* _Exercise aim_: Reproduce nothing but the lines from the one with "Dacia Sandero Front" down to the last line of the data below.

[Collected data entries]
....................

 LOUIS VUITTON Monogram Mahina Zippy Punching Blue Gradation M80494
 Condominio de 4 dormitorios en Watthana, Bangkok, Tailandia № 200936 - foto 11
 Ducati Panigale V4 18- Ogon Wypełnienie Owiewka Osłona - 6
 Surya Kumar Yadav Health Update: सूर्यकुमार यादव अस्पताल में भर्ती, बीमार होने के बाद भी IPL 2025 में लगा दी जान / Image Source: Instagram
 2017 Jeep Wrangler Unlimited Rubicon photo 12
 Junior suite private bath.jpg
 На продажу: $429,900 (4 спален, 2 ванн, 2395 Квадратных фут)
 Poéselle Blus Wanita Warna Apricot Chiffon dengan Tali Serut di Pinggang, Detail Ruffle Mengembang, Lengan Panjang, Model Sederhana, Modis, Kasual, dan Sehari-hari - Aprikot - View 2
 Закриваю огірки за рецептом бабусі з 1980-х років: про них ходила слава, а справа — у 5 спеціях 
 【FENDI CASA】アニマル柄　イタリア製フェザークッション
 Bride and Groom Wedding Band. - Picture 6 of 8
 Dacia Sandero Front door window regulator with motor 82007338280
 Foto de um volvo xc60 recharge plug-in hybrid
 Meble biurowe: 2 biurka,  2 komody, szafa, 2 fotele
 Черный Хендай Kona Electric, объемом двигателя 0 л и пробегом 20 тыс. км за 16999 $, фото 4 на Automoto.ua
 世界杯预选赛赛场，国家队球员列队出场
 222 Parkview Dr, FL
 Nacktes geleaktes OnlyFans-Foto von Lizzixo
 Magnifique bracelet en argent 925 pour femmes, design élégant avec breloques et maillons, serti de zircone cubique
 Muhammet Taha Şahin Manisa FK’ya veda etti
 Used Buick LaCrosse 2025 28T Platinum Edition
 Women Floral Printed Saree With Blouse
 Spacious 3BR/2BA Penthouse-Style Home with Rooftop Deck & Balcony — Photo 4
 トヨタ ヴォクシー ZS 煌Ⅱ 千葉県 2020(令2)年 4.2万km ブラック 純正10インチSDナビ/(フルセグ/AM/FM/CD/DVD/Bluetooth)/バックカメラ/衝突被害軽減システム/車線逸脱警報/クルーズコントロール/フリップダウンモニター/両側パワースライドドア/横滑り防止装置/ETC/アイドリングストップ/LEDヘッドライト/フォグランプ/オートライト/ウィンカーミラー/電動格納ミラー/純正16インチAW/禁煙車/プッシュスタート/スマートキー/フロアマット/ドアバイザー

....................

* _Answer for this exercise_:
 Dacia Sandero Front door window regulator with motor 82007338280
 Foto de um volvo xc60 recharge plug-in hybrid
 Meble biurowe: 2 biurka,  2 komody, szafa, 2 fotele
 Черный Хендай Kona Electric, объемом двигателя 0 л и пробегом 20 тыс. км за 16999 $, фото 4 на Automoto.ua
 世界杯预选赛赛场，国家队球员列队出场
 222 Parkview Dr, FL
 Nacktes geleaktes OnlyFans-Foto von Lizzixo
 Magnifique bracelet en argent 925 pour femmes, design élégant avec breloques et maillons, serti de zircone cubique
 Muhammet Taha Şahin Manisa FK’ya veda etti
 Used Buick LaCrosse 2025 28T Platinum Edition
 Women Floral Printed Saree With Blouse
 Spacious 3BR/2BA Penthouse-Style Home with Rooftop Deck & Balcony — Photo 4
 トヨタ ヴォクシー ZS 煌Ⅱ 千葉県 2020(令2)年 4.2万km ブラック 純正10インチSDナビ/(フルセグ/AM/FM/CD/DVD/Bluetooth)/バックカメラ/衝突被害軽減システム/車線逸脱警報/クルーズコントロール/フリップダウンモニター/両側パワースライドドア/横滑り防止装置/ETC/アイドリングストップ/LEDヘッドライト/フォグランプ/オートライト/ウィンカーミラー/電動格納ミラー/純正16インチAW/禁煙車/プッシュスタート/スマートキー/フロアマット/ドアバイザー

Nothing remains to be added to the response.